By Sophia, published on 19/07/2019 Blog > Academia > Geography > Latin American Geopolitics

When you think of Latin American exports, what comes to mind?

Dances, you might think: steamy tangos and sassy salsas. Or music: just now, YouTube Latin music videos rank among the most-streamed.

And, of course, food. These days, one can find a Mexican restaurant just about anywhere in the UK, and Argentine beef is legendary for its succulence and tenderness.

And how about an ice-cold Corona with a wedge of lime to go with that steak?

All of this makes Latin America sound like a dream holiday destination – which, in fact, it is.

From the clear waters off Costa Rica to the picturesque ports of Saint Lucia, those of us keen for a tropical paradise inevitably head toward the Caribbean or elsewhere in Latin America.

Is that all there is to Latin America? A few holiday snaps and the echo of sultry songs?

Quite the contrary! Countries in Latin America, long ignored on the world stage, are starting to come into their own.

Latin America has collectively been seen as economically weak – in spite of her vast resources, there was little potential for development. For those reasons and more, historically, nobody really saw the need to look closer at those countries and dependencies… but those ideas are changing.

Slowly, other governments are beginning to see the value in Latin America’s vast resources and are pouring money into those countries’ coffers for infrastructure improvements as well as industrial projects.

Is Latin America, long ignored on the global stage, on the rise?

Your Superprof takes a look at global factors impacting Latin America and that region’s geopolitical effects on the wider world.

Latin America’s Beginnings

The beaches and dances are as much a part of Latin America as economic concerns and politics When people hear Latin America, they tend to think of hot beaches and sexy dances Image by notquitewonderwoman0 from Pixabay

Historically, South American countries with coastal access were favoured for international trade as well as development.

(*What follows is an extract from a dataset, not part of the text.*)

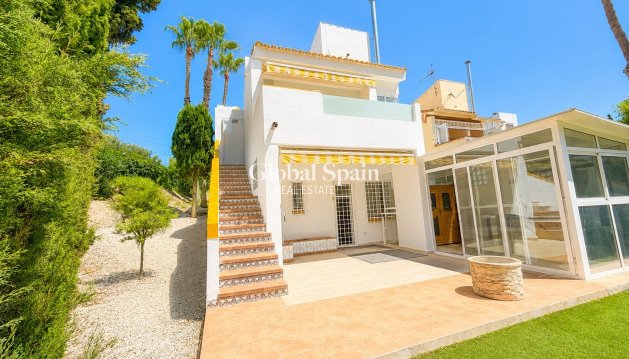 VILLA - Venta - VILLAMARTÍN -
                Costa Blanca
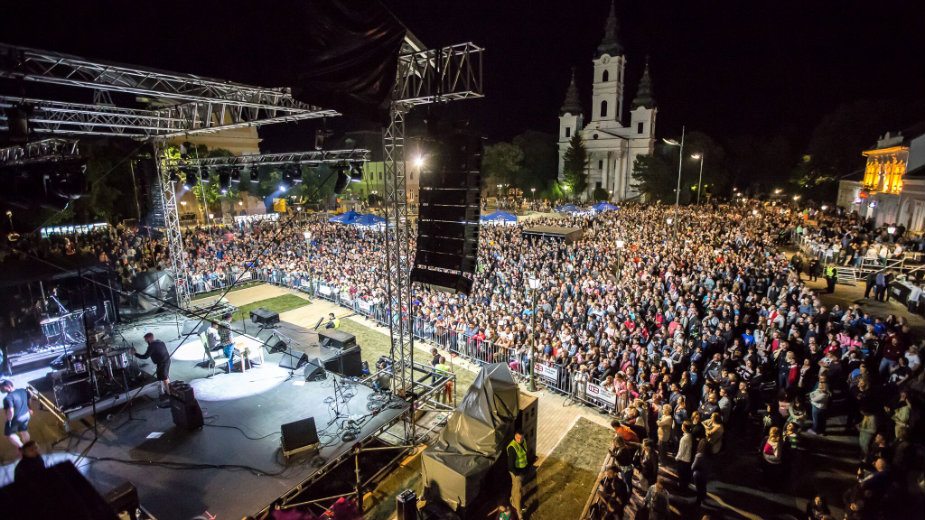 Prvi put održan jednodnevni festival “Bečej noću” 2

Indeed, looking at a map of Central and South America today, we see that inland regions are, for the most part, largely unpopulated. The exceptions are landlocked countries such as Bolivia and Paraguay, but they are more sparsely populated than countries that have access to a sea coast.

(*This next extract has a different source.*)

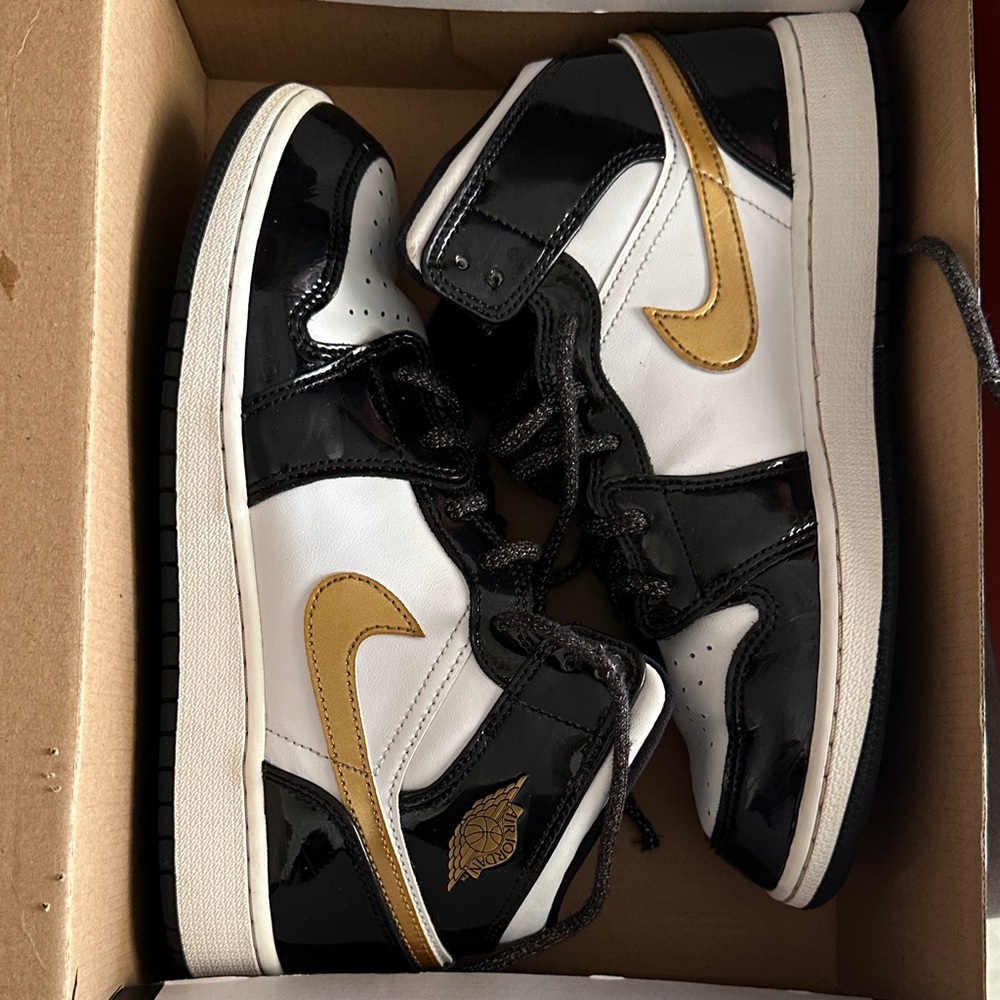 Air Jordan 1 Mid SE (GS) Black and Metallic Gold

As an example: Bolivia, with an area of more than 1.1 million km2 has a population of just under 11.5 million (by the latest estimates). By contrast, Chile, with a total area of less than 800,000 km2, is home to over 17.5 million people.

There are several good reasons for inland regions being largely uninhabited; only one of them being the benefits that living near the ocean provides, such as fishing and shipping.

The tropical climate and seemingly impassable jungle terrain made South America’s interior virtually inaccessible.

Central America has a different story to tell.

Relatively early, European powers saw potential in Panama; if only they could create a shipping lane across that narrow land, they could avoid navigating around the dangerous Straits of Magellan!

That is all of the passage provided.